### Data segment
----

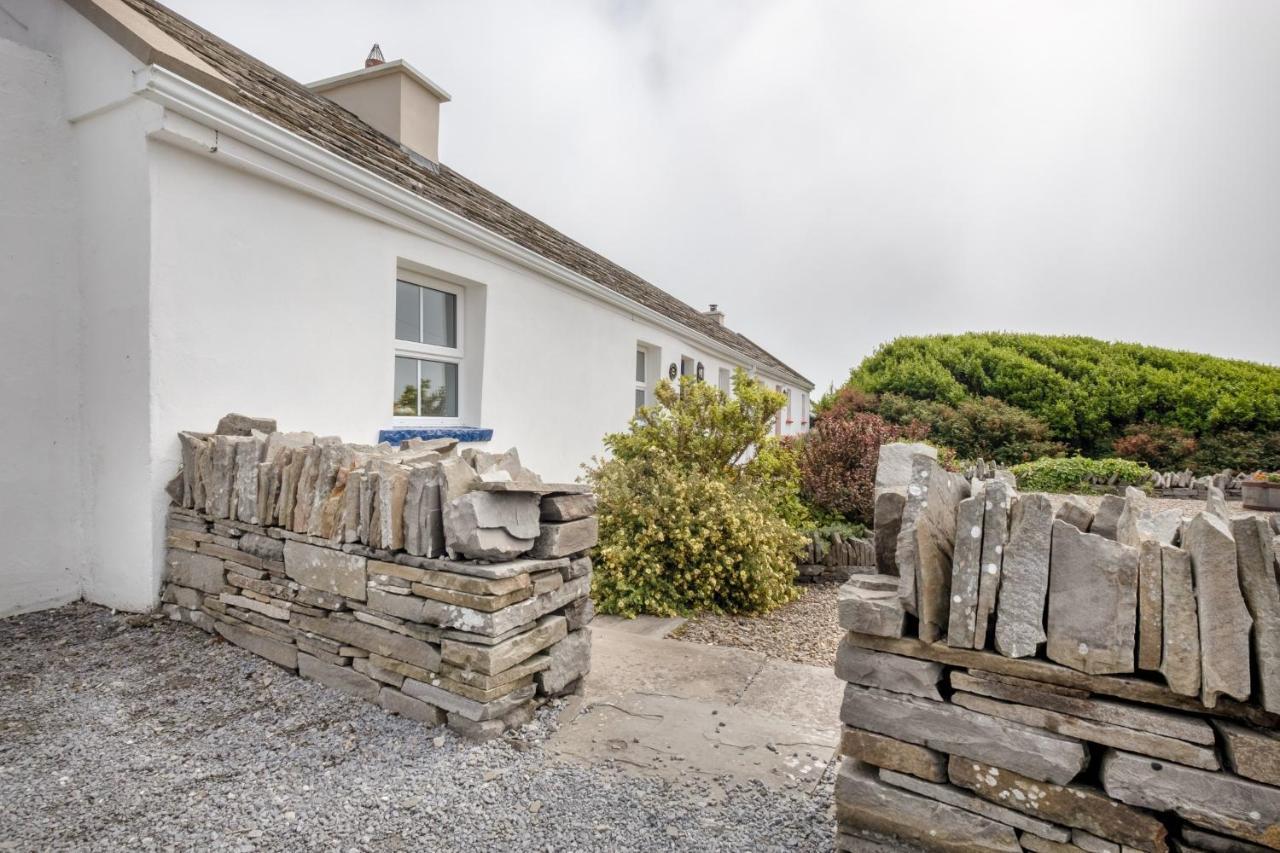 Blue Sky Cottage, Doolin Carrowauff Εξωτερικό φωτογραφία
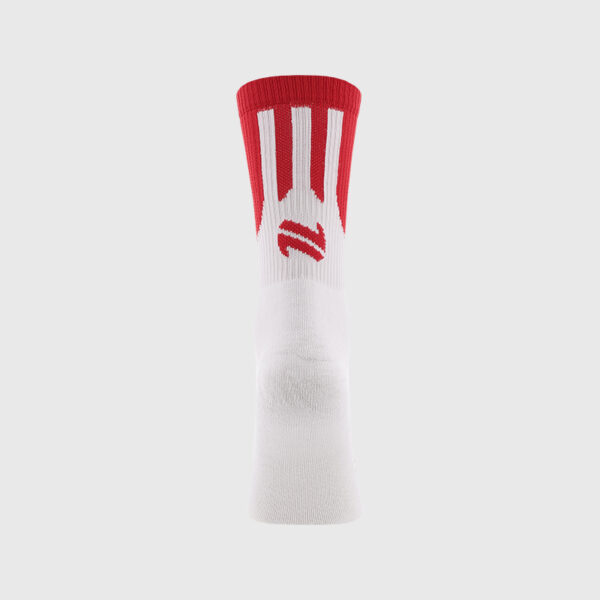 O’Neills Ion Midi Socks Red/White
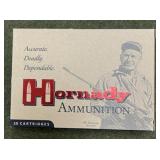 20 rnds Hornady .338 Lapua 285gr BTHP Ammo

----

### Activity
Repeat the listing exactly, minus its pictures.

### Solved exercise
 Blue Sky Cottage, Doolin Carrowauff Εξωτερικό φωτογραφία
 O’Neills Ion Midi Socks Red/White
 20 rnds Hornady .338 Lapua 285gr BTHP Ammo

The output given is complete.